September 19, 2024
Summary: pg_duckdb
is a PostgreSQL extension that embeds DuckDB’s columnar-vectorized analytics engine and features into PostgreSQL.
Table of Contents
Introduction
The pg_duckdb
extension will be fully capable of querying against data stored in the cloud in DuckDB as if it were local. DuckDB’s “dual execution” capabilities let us join local PostgreSQL data against DuckDB data seamlessly, and we will figure out the best place to run the query. As a user, you don’t really need to care where the computation runs, we’ll just figure out how to make it run fast.
Moreover, it is common in analytics to want to offload your data from your transactional database into an analytical store. The pg_duckdb
extension along with DuckDB can help; you can just run a query in PostgreSQL that pulls recent data from your PostgreSQL database and write it to DuckDB. You don’t need to export and reimport data, or set up CDC.
Finally, there are some downsides to running analytics on the same database that runs your application. Analytics can be resource hungry in terms of the amount of memory and CPU needed to make it run well. Above a certain size, folks may not want to run this on their production transactional database. DuckDB will help offload this to the cloud, in a way that people don’t even have to change the queries that they’re running; they just get faster.
Installation
To build pg_duckdb, you need:
- PostgreSQL 16 or 17
- Linux or MacOS
- Standard set of build tools for building PostgreSQL extensions
- Build tools that are required to build DuckDB
To build and install, run:
make install
Next, load the pg_duckdb extension:
CREATE EXTENSION pg_duckdb;
IMPORTANT: Once loaded you can use DuckDB execution by running SET duckdb.execution TO true
. This is opt-in to avoid breaking existing queries. To avoid doing that for every session, you can configure it for a certain user by doing ALTER USER my_analytics_user SET duckdb.execution TO true
.
Features
-
SELECT
queries executed by the DuckDB engine can directly read PostgreSQL tables.- Able to read data types that exist in both PostgreSQL and DuckDB. The following data types are supported: numeric, character, binary, date/time, boolean, uuid, json, and arrays.

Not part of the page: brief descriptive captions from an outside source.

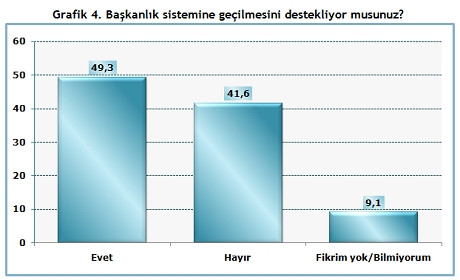 Optimar'ın son seçim anketinde HDP'ye soğuk duş !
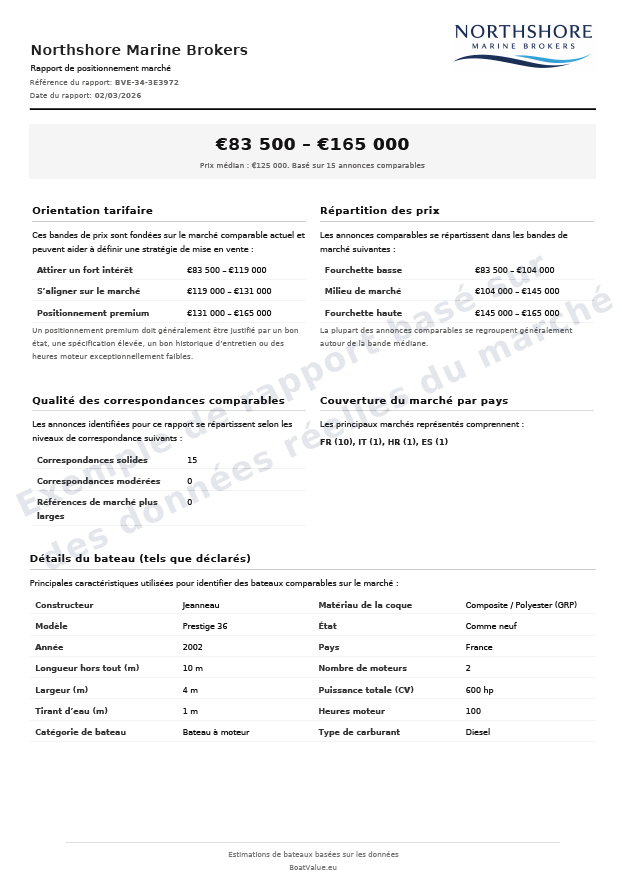 Découvrez le rapport que vos clients recevront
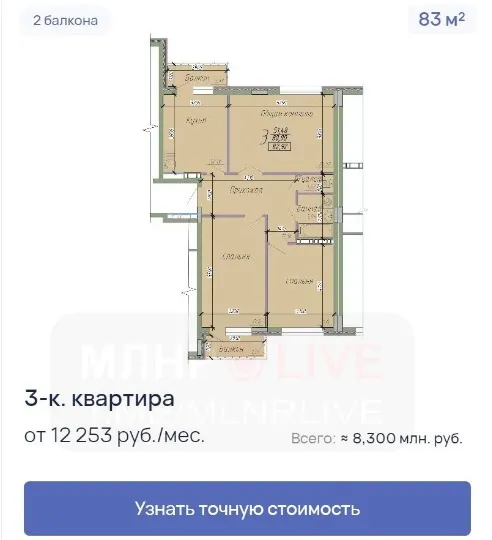 Вартість квартир у 2024 р.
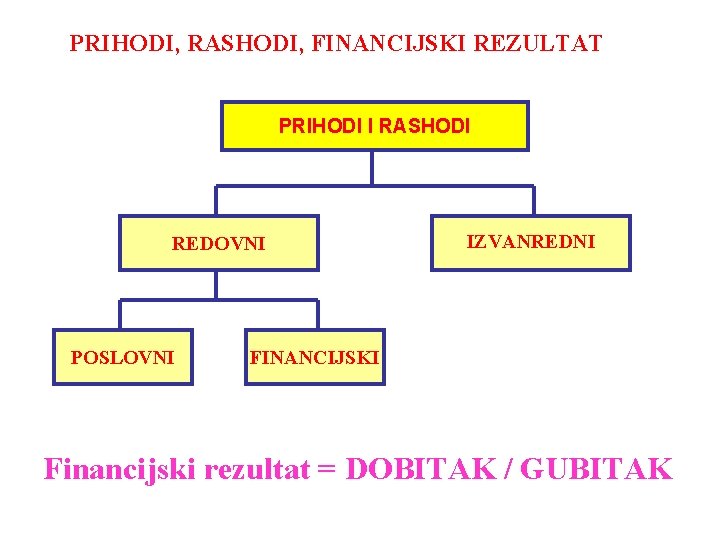 PRIHODI, RASHODI, FINANCIJSKI REZULTAT PRIHODI I RASHODI REDOVNI POSLOVNI IZVANREDNI FINANCIJSKI Financijski rezultat =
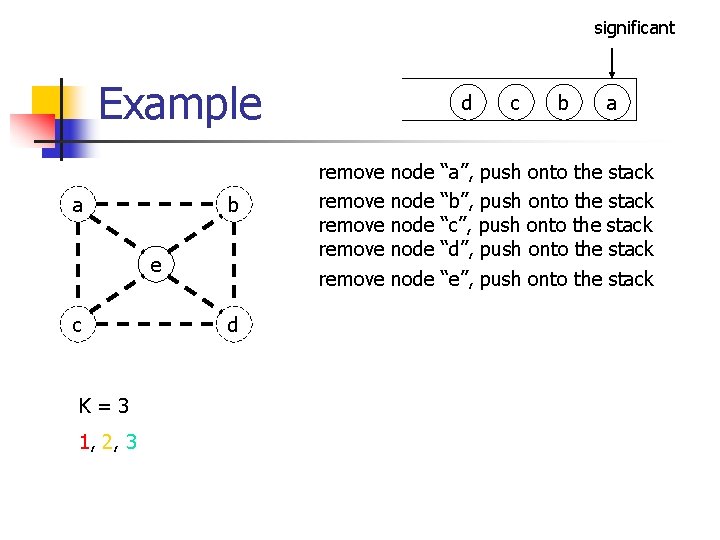 significant Example a b e c K=3 1, 2, 3 d d remove remove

- If DuckDB cannot support the query for any reason, execution falls back to PostgreSQL.
-
Read parquet and CSV files from object storage (AWS S3, Cloudflare R2, or Google GCS).
SELECT n FROM read_parquet('s3://bucket/file.parquet') AS (n int)
SELECT n FROM read_csv('s3://bucket/file.csv') AS (n int)
- You can pass globs and arrays to these functions, just like in DuckDB.
-
Enable the DuckDB Iceberg extension using
SELECT duckdb.enable_extension('iceberg')
and read Iceberg files withiceberg_scan
. -
Write a query — or an entire table — to parquet in object storage.
COPY (SELECT foo, bar FROM baz) TO 's3://...'
COPY table TO 's3://...'
-
Read and write to Parquet format in a single query
COPY ( SELECT count(*), name FROM read_parquet('s3://bucket/file.parquet') AS (name text) GROUP BY name ORDER BY count DESC ) TO 's3://bucket/results.parquet';
-
Query and
JOIN
data in object storage with PostgreSQL tables, views, and materialized views. -
Create indexes on PostgreSQL tables to accelerate your DuckDB queries.
-
Install DuckDB extensions using
SELECT duckdb.install_extension('extension_name');
-
Toggle DuckDB execution on/off with a setting:
SET duckdb.execution = true|false
Getting Started
The best way to get started is to connect PostgreSQL to a new or existing object storage bucket (AWS S3, Cloudflare R2, or Google GCS) with pg_duckdb. You can query data in Parquet, CSV, and Iceberg format using read_parquet
, read_csv
, and iceberg_scan
respectively.
-
Add a credential to enable DuckDB’s httpfs support.
-- Session Token is Optional INSERT INTO duckdb.secrets (type, id, secret, session_token, region) VALUES ('S3', 'access_key_id', 'secret_access_key', 'session_token', 'us-east-1');
-
Copy data directly to your bucket - no ETL pipeline!
COPY (SELECT user_id, item_id, price, purchased_at FROM purchases) TO 's3://your-bucket/purchases.parquet;
-
Perform analytics on your data.
SELECT SUM(price) AS total, item_id FROM read_parquet('s3://your-bucket/purchases.parquet') AS (price float, item_id int) GROUP BY item_id ORDER BY total DESC LIMIT 100;